Russian President Vladimir Putin will on Thursday discuss a possible peace plan for Ukraine with US envoys Steve Witkoff and Jared Kushner in Moscow after President Donald Trump said a deal to end the war is “reasonably close”.
The US has held talks with Russia, and separately with Kyiv and European leaders, on different drafts of a plan for ending the war in Ukraine, but no deal has been reached despite Trump’s repeated promises to clinch one.
Putin, speaking at a Russian security council meeting late on Wednesday, said he would meet Witkoff and Trump’s son-in-law Kushner in Moscow to “continue dialogue on the Ukrainian settlement”, Trump’s “Board of Peace” idea and the possibility of using frozen Russian assets.

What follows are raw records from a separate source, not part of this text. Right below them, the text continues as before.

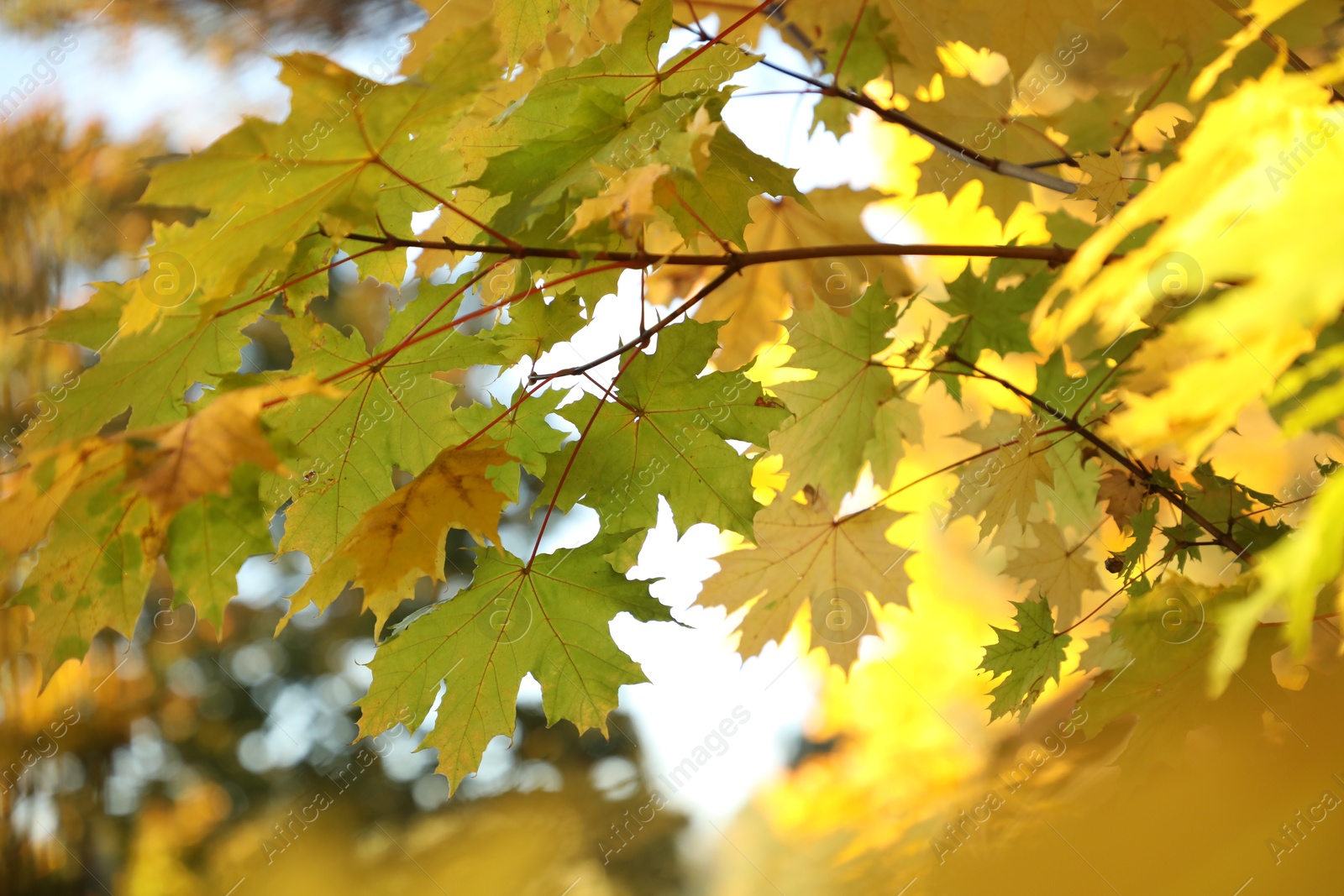 Photo of Beautiful maple tree with bright leaves outdoors, closeup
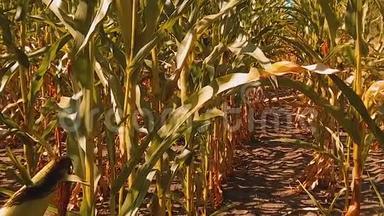 有机玉米田生活方式干熟玉米的农业。 概念玉米收获农业天然产品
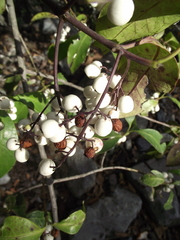 Chiococca pachyphylla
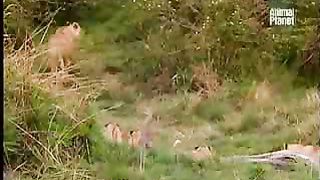 BBC Дневник большой кошки 2 сезон 6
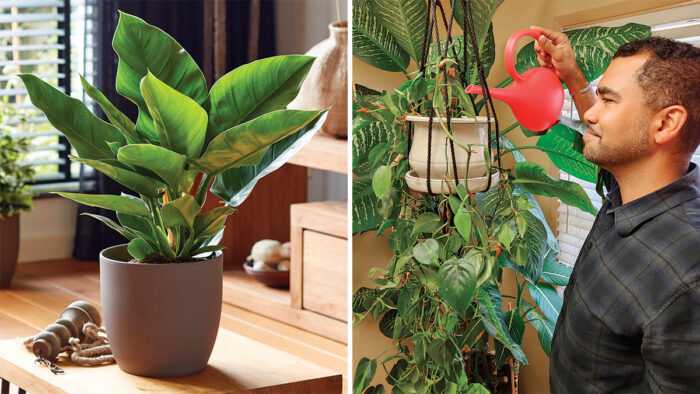 philodendron care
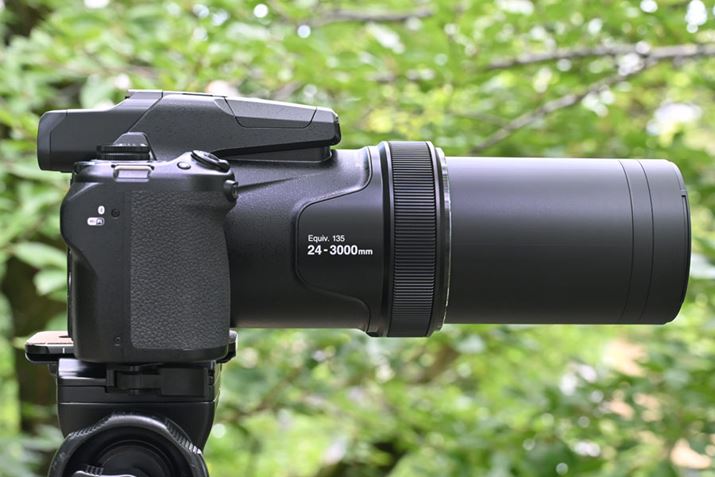 w125{܂ŃY[ƃY傫Lт܂Bw125{Y[́AY܂߂J̑S31cmx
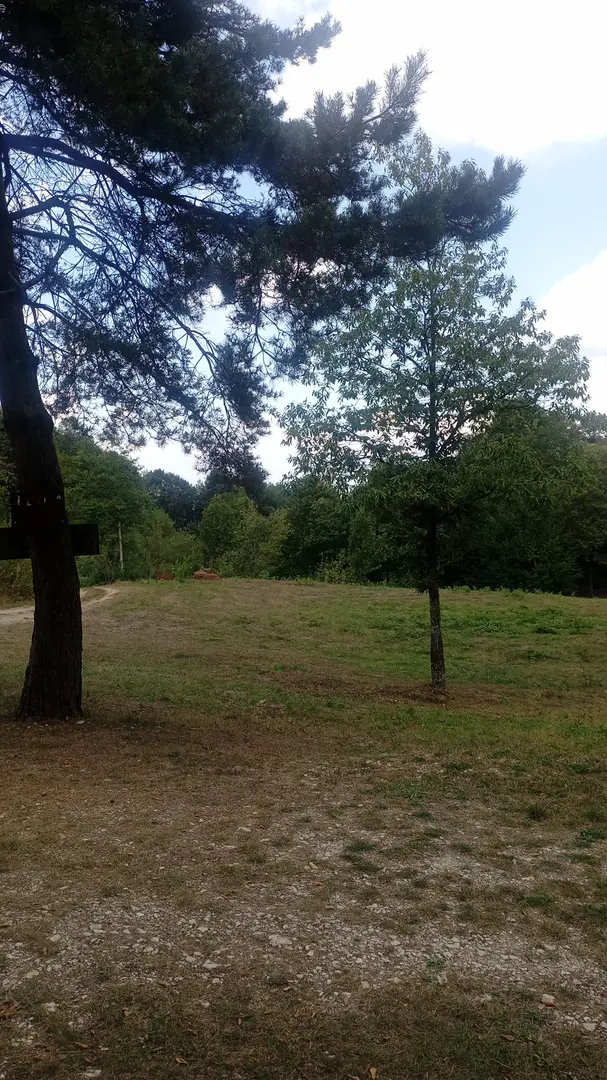 Área de camping y picnic Sakin — Kocaeli — küçük resim 8
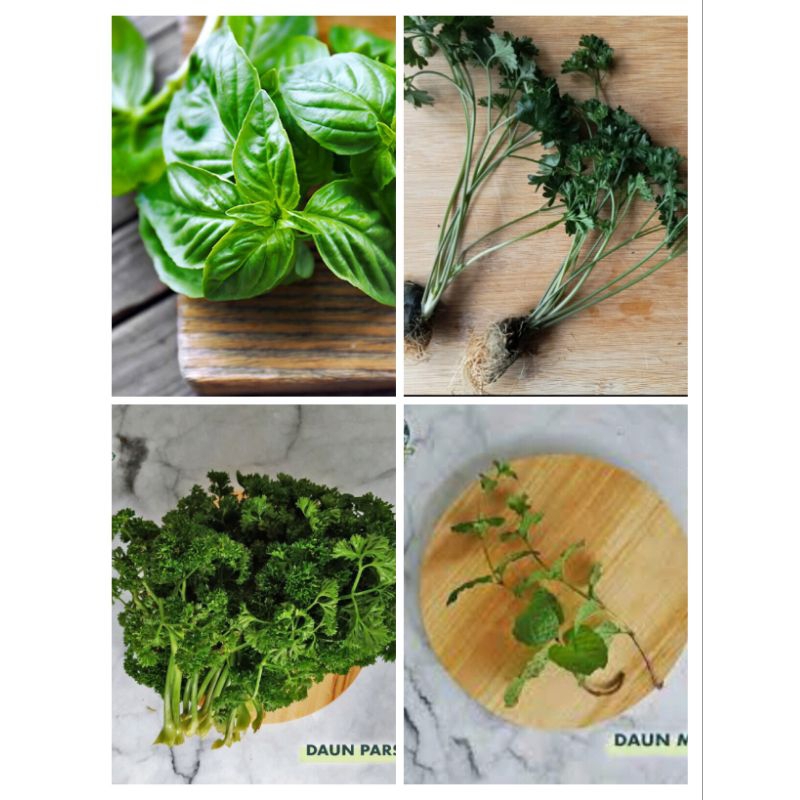 

Daun Mint | Curly Parsley peterseli | Daun Basil | Italian Parsley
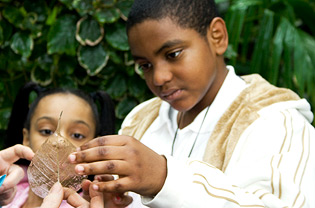 Boy and girl examining leaf skeleton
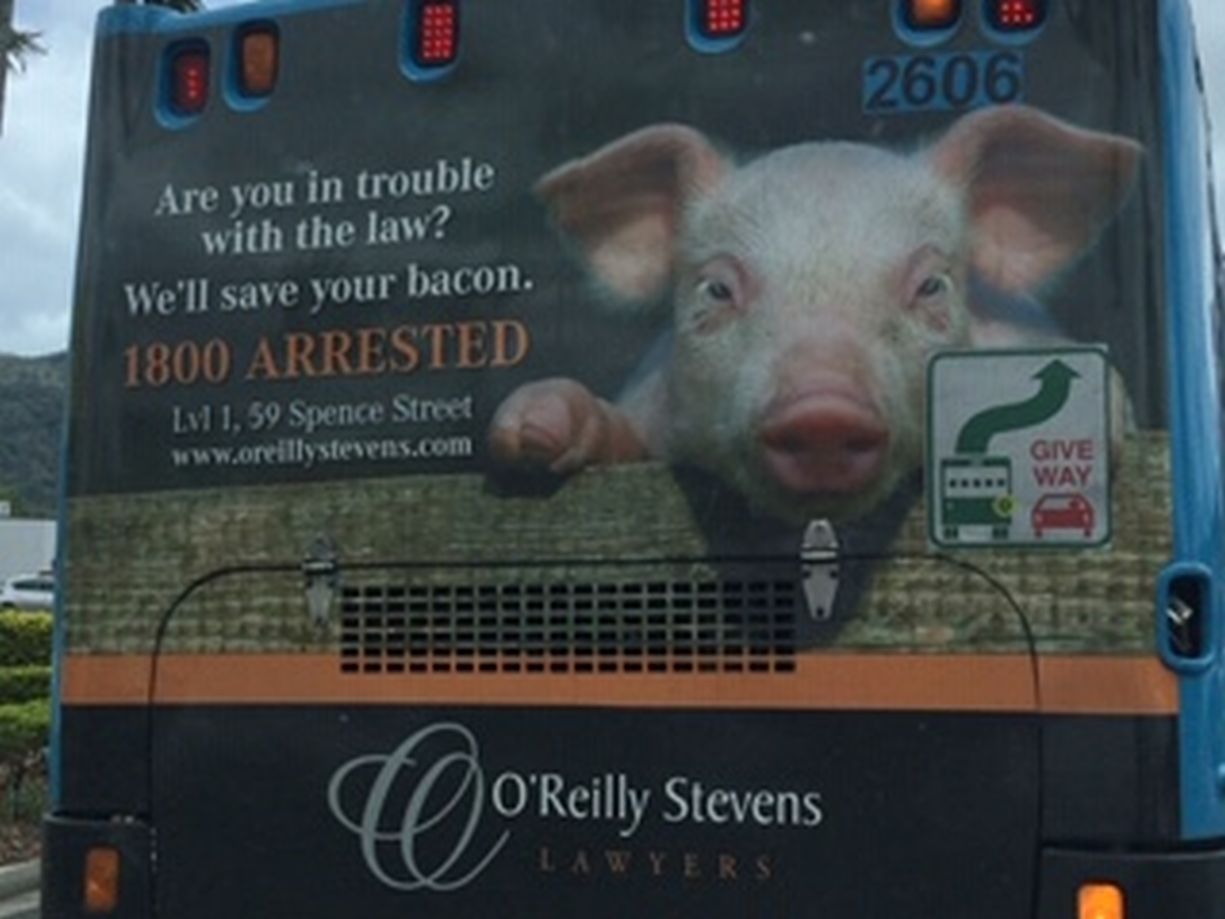 Pig for Marty.JPG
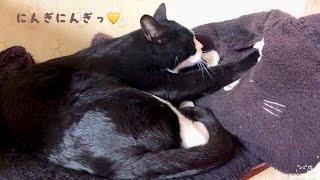 猫にふみふみされて顔がとんでもなくなるクッションのどちらも可愛過ぎたCat kneading the cushion is adorable.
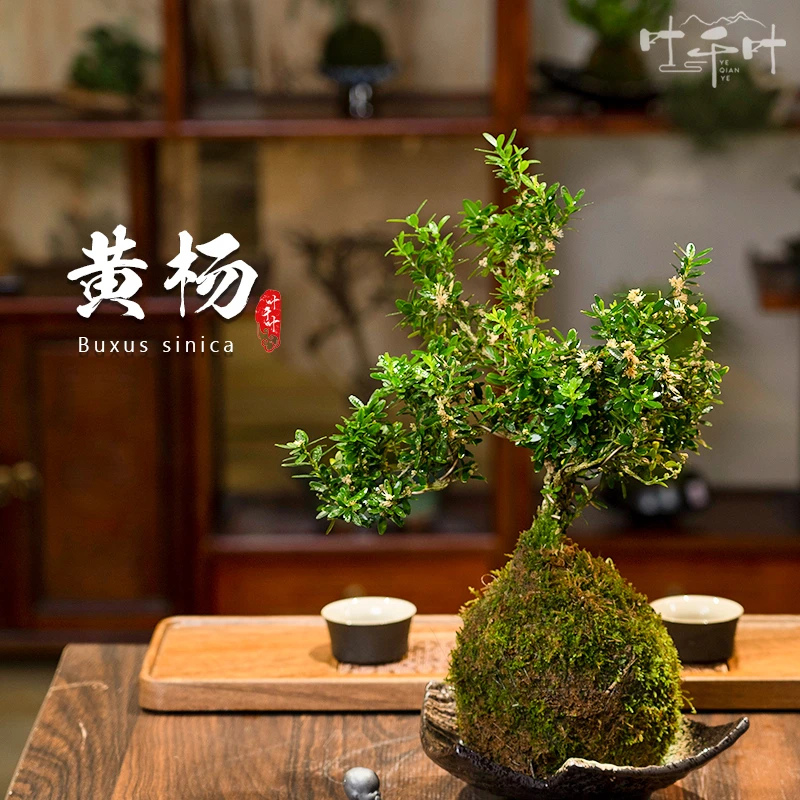 小叶黄杨雀舌迷你苔藓球微盆景可开花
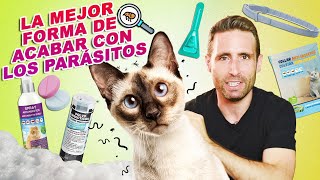 ¿La mejor forma de ACABAR CON PARÁSITOS EN TU GATO 😺👾 DESPARASITACIÓN EXTERNA e INTERNA en gatos [upl. by Ynatsed]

At stake is how to end the deadliest war in Europe since World War 2, the future of Ukraine, the extent to which European powers are sidelined and whether a peace deal brokered by the US will endure.
“I think I can say we’re reasonably close,” Trump said. “We have to get it stopped. I believe they’re at a point where they can come together and get a deal done.
“If they don’t, they’re stupid,” Trump said, referring to Putin and Ukrainian President Volodymyr Zelensky.
Last week Trump told Reuters Zelensky was the main impediment to reaching an agreement.
Russia invaded Ukraine in February 2022 after eight years of fighting in eastern Ukraine, triggering the biggest confrontation between Moscow and the West since the depths of the Cold War.
Ukraine and European leaders said Russia cannot be allowed to achieve its aims after what they cast as an imperial-style land grab. If Russia wins, European powers said, then it will one day attack Nato. Moscow said such claims are ridiculous and it has no intention of attacking a Nato member.
Russia said European leaders are intent on scuttling the peace talks by introducing conditions they know will be unacceptable to Russia, which took 12km² to 17km² of Ukrainian territory per day in 2025.
Putin, who has repeatedly said he is open to discussing peace, casts the war as a watershed moment in relations with the West, which he said humiliated Russia after the Soviet Union fell in 1991 by enlarging Nato and encroaching on what he considers Moscow’s sphere of influence.